Make an exact copy of all the records that follow, apart from the pictures.

[Stored items]
..............................

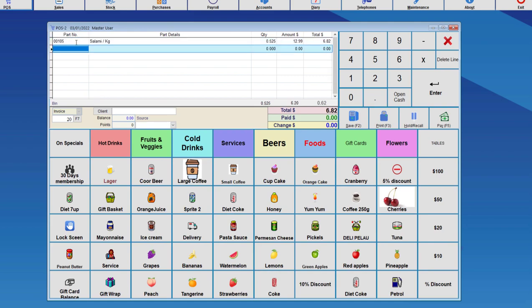So once we've entered that, notice that the quantity is 0.525, which was the weight. The total amount for one kilogram is 1299, and then it calculates the total as being $6.82.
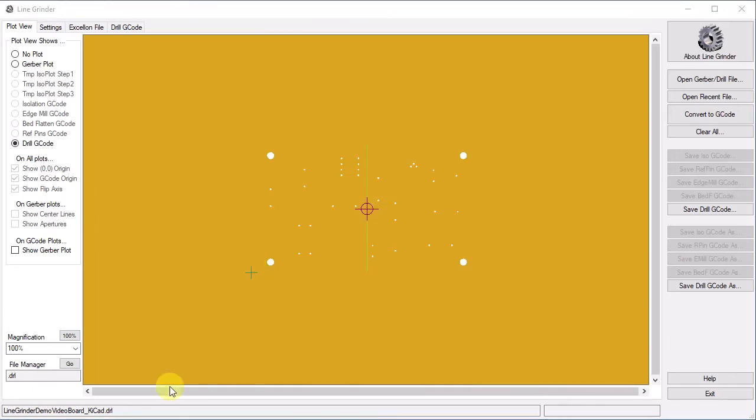This brings us to the end of the section on how to use the LineGrinder software to create G-Code. It is pretty simple, really. Of course, all the previous actions were based on having preconfigured settings that activated when a file of a specific suffix was opened. In the next video, let's take a look at how those settings work.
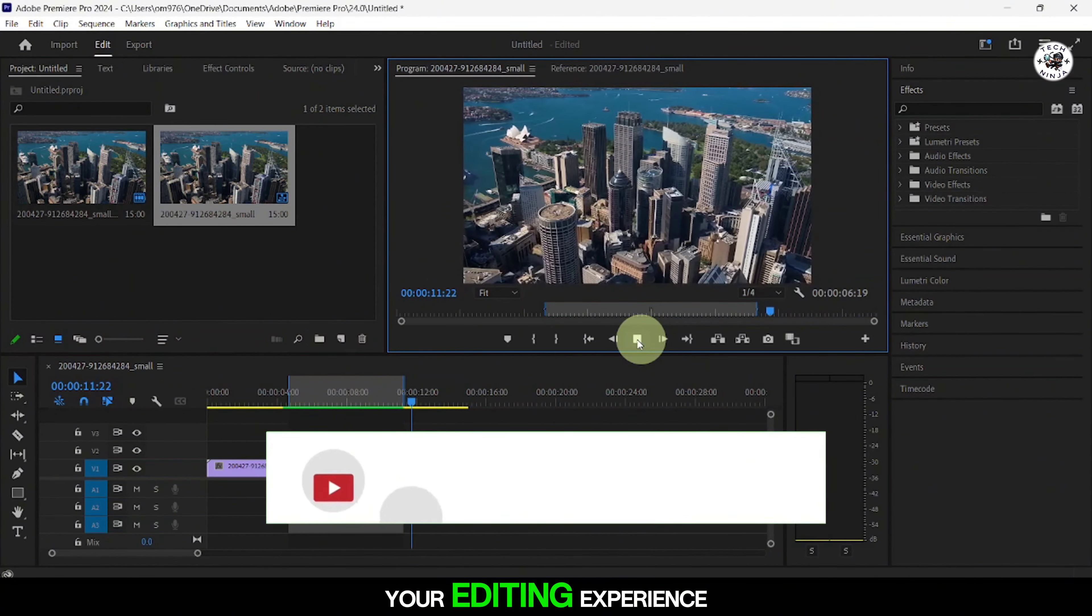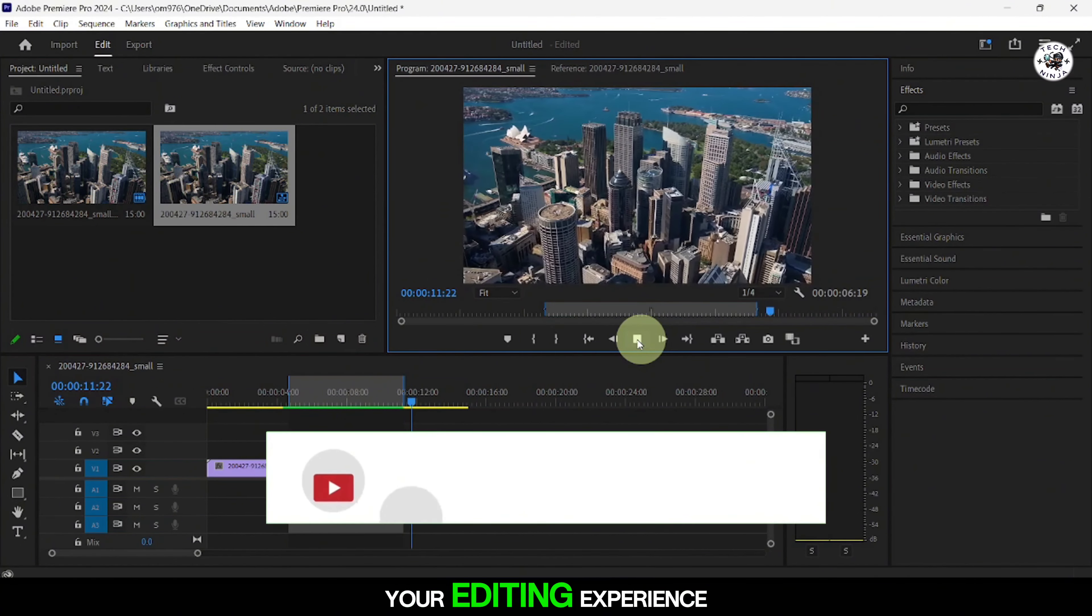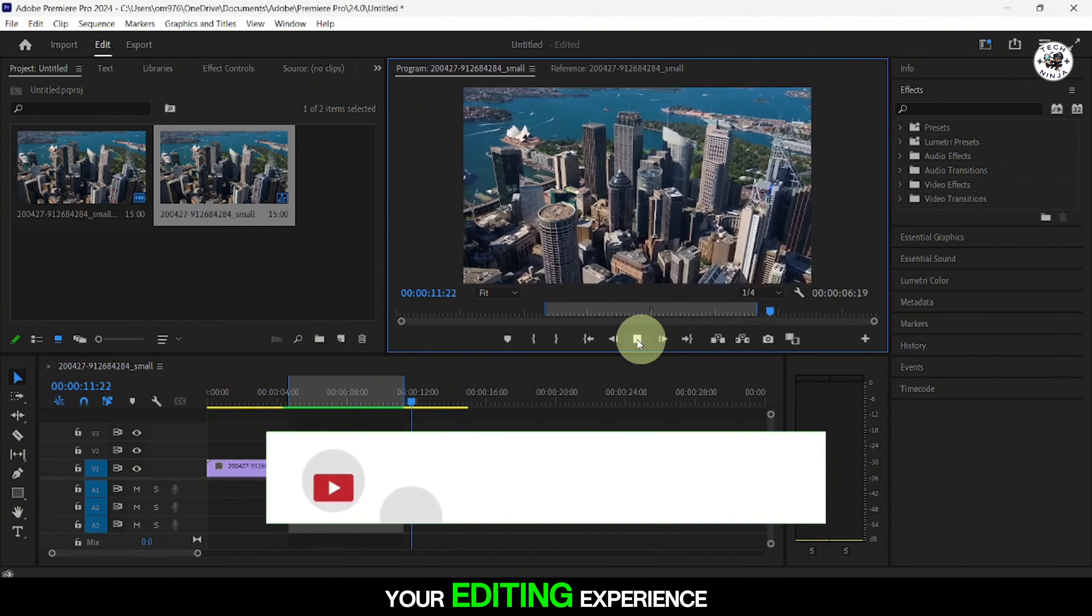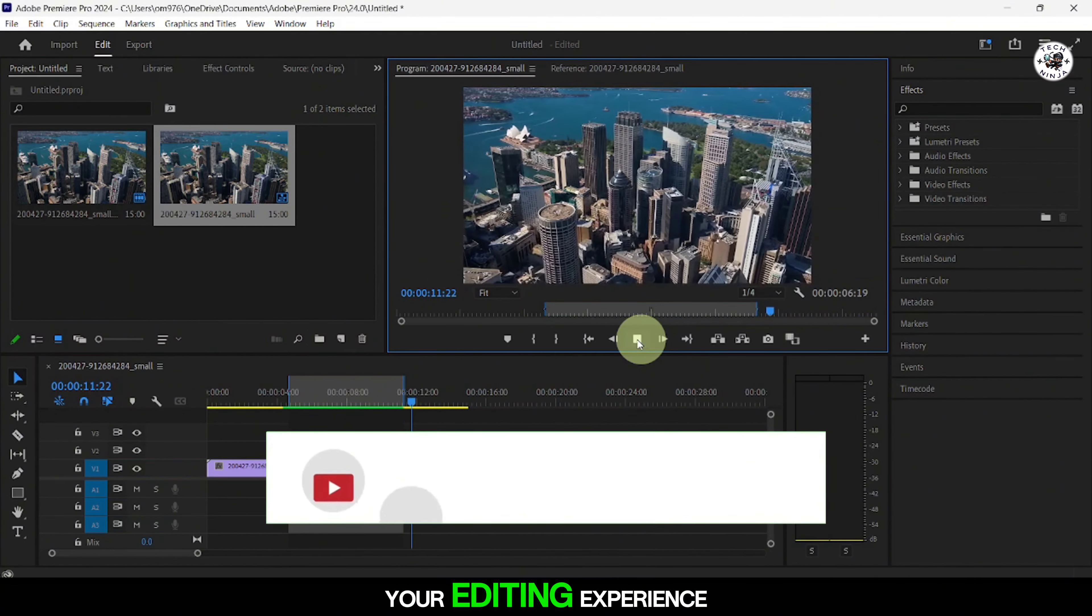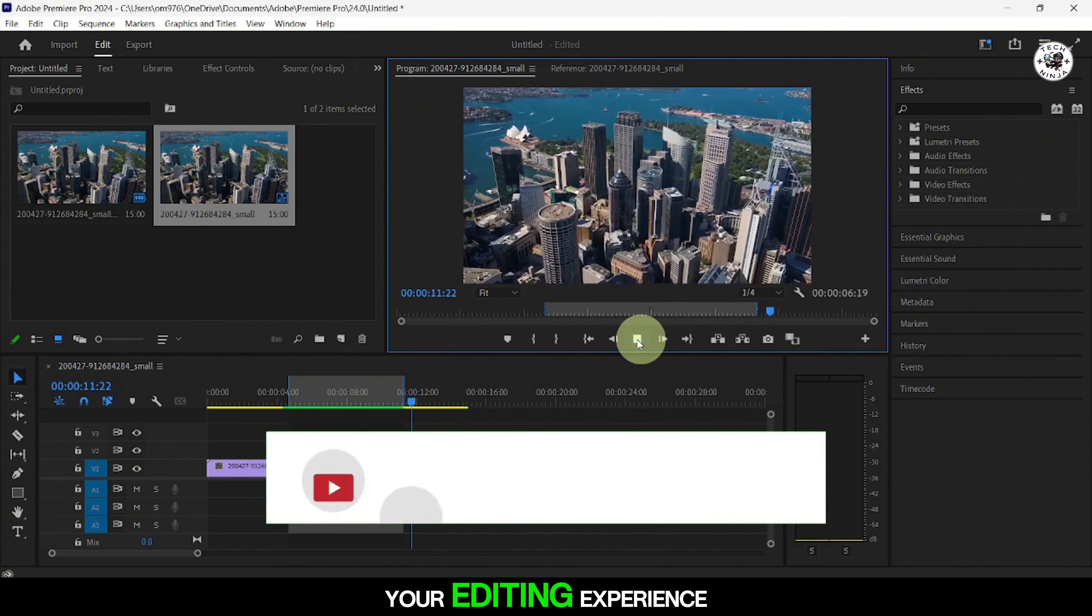After applying these fixes, confirm the settings and test playback in Premiere Pro. You should notice a significant improvement in playback performance. By following these steps, you can quickly troubleshoot and resolve playback lag issues in Premiere Pro, enhancing your editing experience. If you found this tutorial helpful, don't forget to like and subscribe for more video editing tips. Thanks for watching.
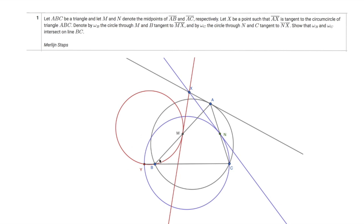And the circle YCN is tangent to XN. From a first glance, this red and purple circle are constructed in a very unnatural way. So let me show you first a lemma to construct them more directly and get a better understanding of this problem.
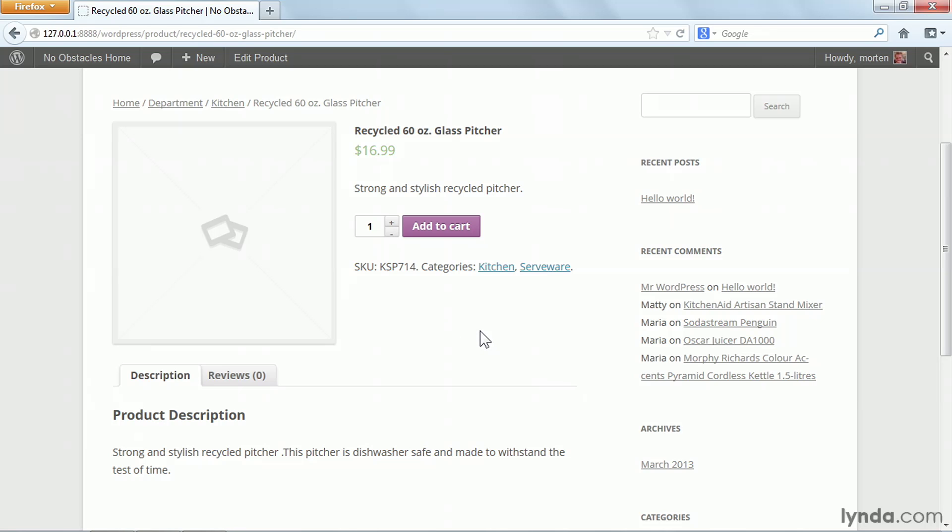Once the product is published, you can see it in your shop. But all we have right now is basic text info. WooCommerce lets us go a lot further in customizing the information available for our products, and filling this information out will provide a better shopping experience for your customer.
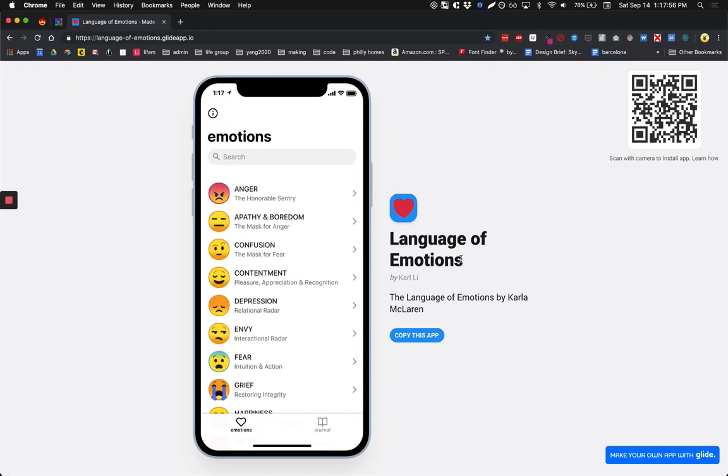Hello Makers! Today we're going to build a mobile app for anyone who wants to increase their emotional intelligence and improve their mental health. And we're going to build all this without code.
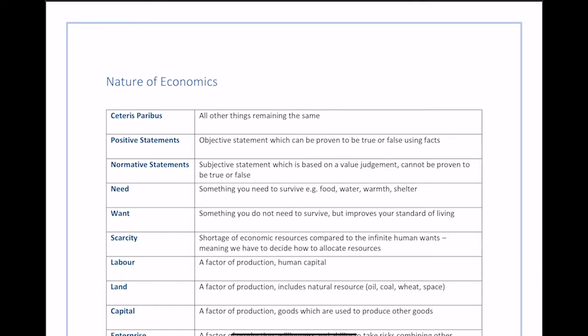Welcome to another video in this series. In this video we're going to take a look at Chapter 1 for microeconomics in Year 1 and the definitions for the nature of economics. There are quite a few basic terms you need to understand, and it's really important you get a handle of these because they're the kinds of definitions you'll be using for the rest of your economics chapters. I've also provided a link to this sheet in the description below so you can print it off and use it for revision.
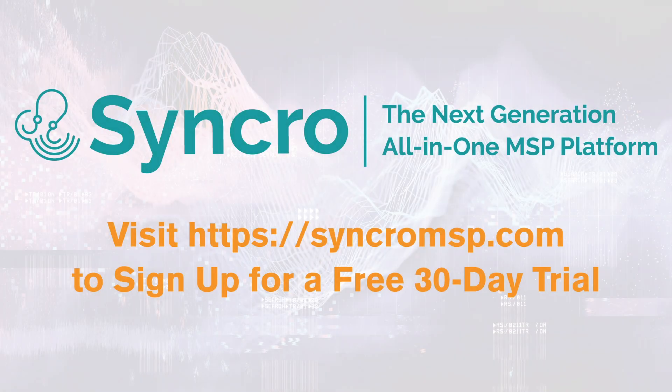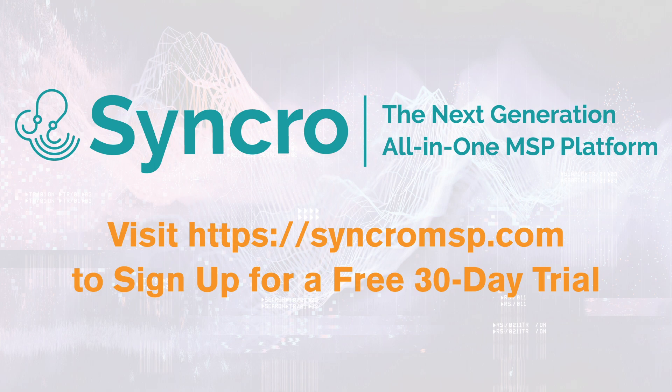Take your MSP to the next level with Synchro. Visit SynchroMSP.com to learn more and get a fully functional 30-day free trial. See you next time.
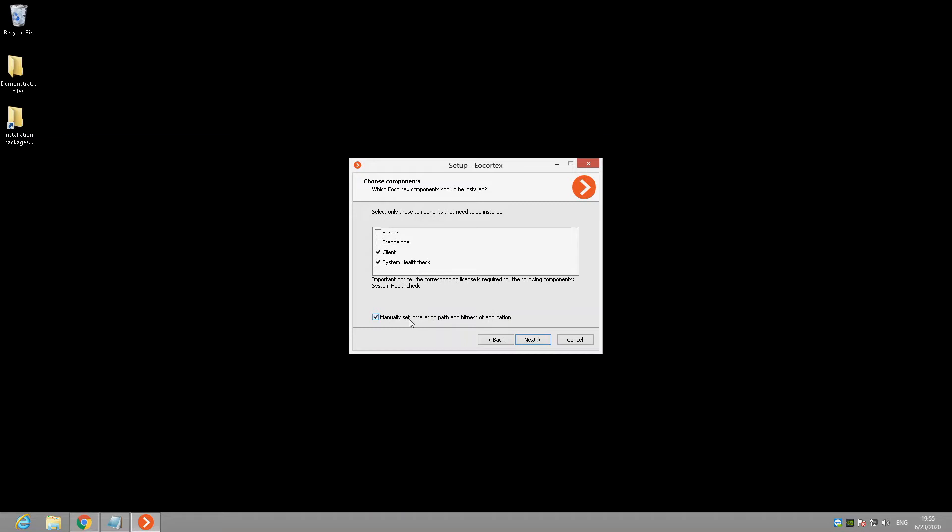A bit of information about installation options. Client. With that option, the client application will be installed on your machine that allows you to view the streams from cameras in real-time and from the archive, control PTZ cameras and read the data from intelligent modules activated on your server. This option does not require any own license for operation.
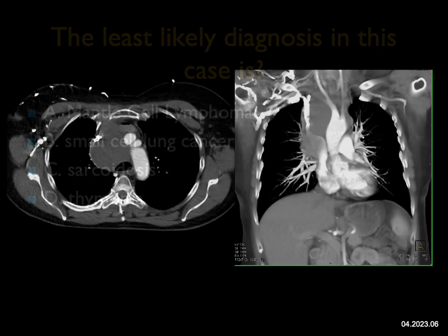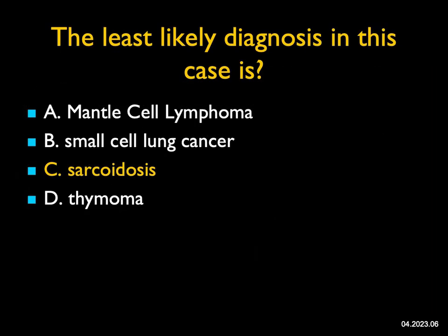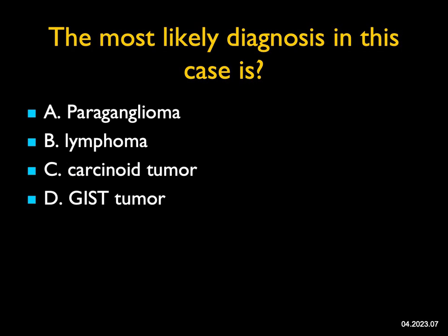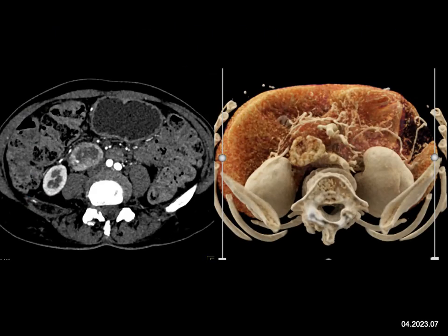The least likely diagnosis in this case — there's a large paratracheal mass infiltrating the anterior mediastinum and narrowing the SVC, well seen on the coronal view. This could be small cell lung cancer, lymphoma — in fact this was mantle cell lymphoma. Thymoma is also a possibility. Sarcoidosis gives nodes but not this large conglomerate mass, and while it can compress the SVC it wouldn't invade it — so the least likely diagnosis is sarcoidosis.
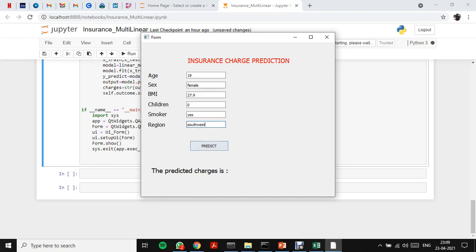Let's predict the insurance charge for this person. The insurance charge for this person is 25,542. This is how we predict insurance charge for the insurance dataset.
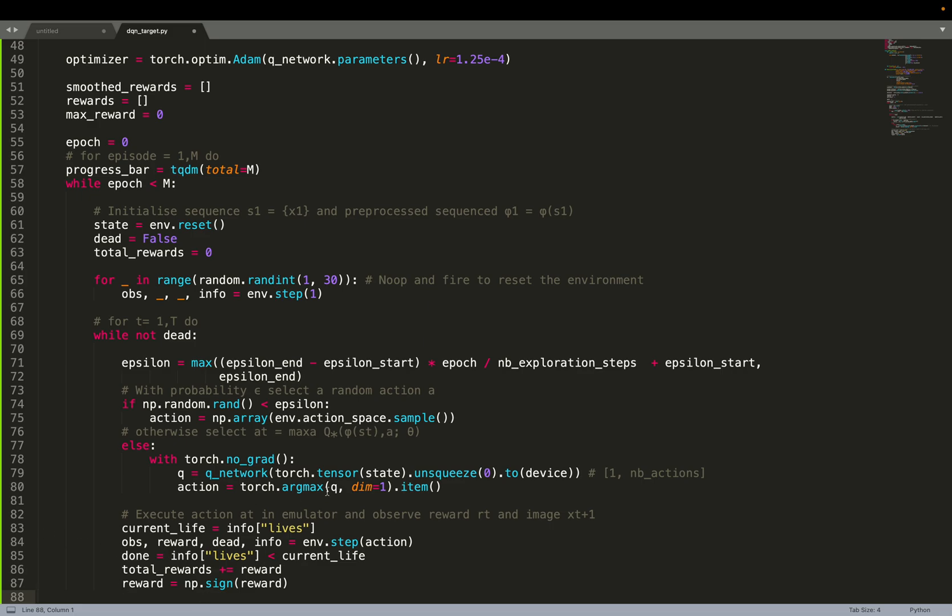And then we also do reward clipping. Again, for those kind of games, but also more generally, we don't want the reward to explode or to have huge reward. So here, what they do, they clip the reward. When it's greater than 1, they clip it to 1. When it's lower than minus 1, they clip it to minus 1. And one way to do that is to use the np.sign. For example, if I have 5, the sign of 5 is positive. So it will be plus 1. The sign of minus 5 is minus 1. So this will have the same impact as clipping.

..............................

### YOUR SOLUTION
So once we've entered that, notice that the quantity is 0.525, which was the weight. The total amount for one kilogram is 1299, and then it calculates the total as being $6.82.
This brings us to the end of the section on how to use the LineGrinder software to create G-Code. It is pretty simple, really. Of course, all the previous actions were based on having preconfigured settings that activated when a file of a specific suffix was opened. In the next video, let's take a look at how those settings work.
After applying these fixes, confirm the settings and test playback in Premiere Pro. You should notice a significant improvement in playback performance. By following these steps, you can quickly troubleshoot and resolve playback lag issues in Premiere Pro, enhancing your editing experience. If you found this tutorial helpful, don't forget to like and subscribe for more video editing tips. Thanks for watching.
And the circle YCN is tangent to XN. From a first glance, this red and purple circle are constructed in a very unnatural way. So let me show you first a lemma to construct them more directly and get a better understanding of this problem.
Once the product is published, you can see it in your shop. But all we have right now is basic text info. WooCommerce lets us go a lot further in customizing the information available for our products, and filling this information out will provide a better shopping experience for your customer.
Hello Makers! Today we're going to build a mobile app for anyone who wants to increase their emotional intelligence and improve their mental health. And we're going to build all this without code.
Welcome to another video in this series. In this video we're going to take a look at Chapter 1 for microeconomics in Year 1 and the definitions for the nature of economics. There are quite a few basic terms you need to understand, and it's really important you get a handle of these because they're the kinds of definitions you'll be using for the rest of your economics chapters. I've also provided a link to this sheet in the description below so you can print it off and use it for revision.
Take your MSP to the next level with Synchro. Visit SynchroMSP.com to learn more and get a fully functional 30-day free trial. See you next time.
A bit of information about installation options. Client. With that option, the client application will be installed on your machine that allows you to view the streams from cameras in real-time and from the archive, control PTZ cameras and read the data from intelligent modules activated on your server. This option does not require any own license for operation.
The least likely diagnosis in this case — there's a large paratracheal mass infiltrating the anterior mediastinum and narrowing the SVC, well seen on the coronal view. This could be small cell lung cancer, lymphoma — in fact this was mantle cell lymphoma. Thymoma is also a possibility. Sarcoidosis gives nodes but not this large conglomerate mass, and while it can compress the SVC it wouldn't invade it — so the least likely diagnosis is sarcoidosis.
Let's predict the insurance charge for this person. The insurance charge for this person is 25,542. This is how we predict insurance charge for the insurance dataset.
And then we also do reward clipping. Again, for those kind of games, but also more generally, we don't want the reward to explode or to have huge reward. So here, what they do, they clip the reward. When it's greater than 1, they clip it to 1. When it's lower than minus 1, they clip it to minus 1. And one way to do that is to use the np.sign. For example, if I have 5, the sign of 5 is positive. So it will be plus 1. The sign of minus 5 is minus 1. So this will have the same impact as clipping.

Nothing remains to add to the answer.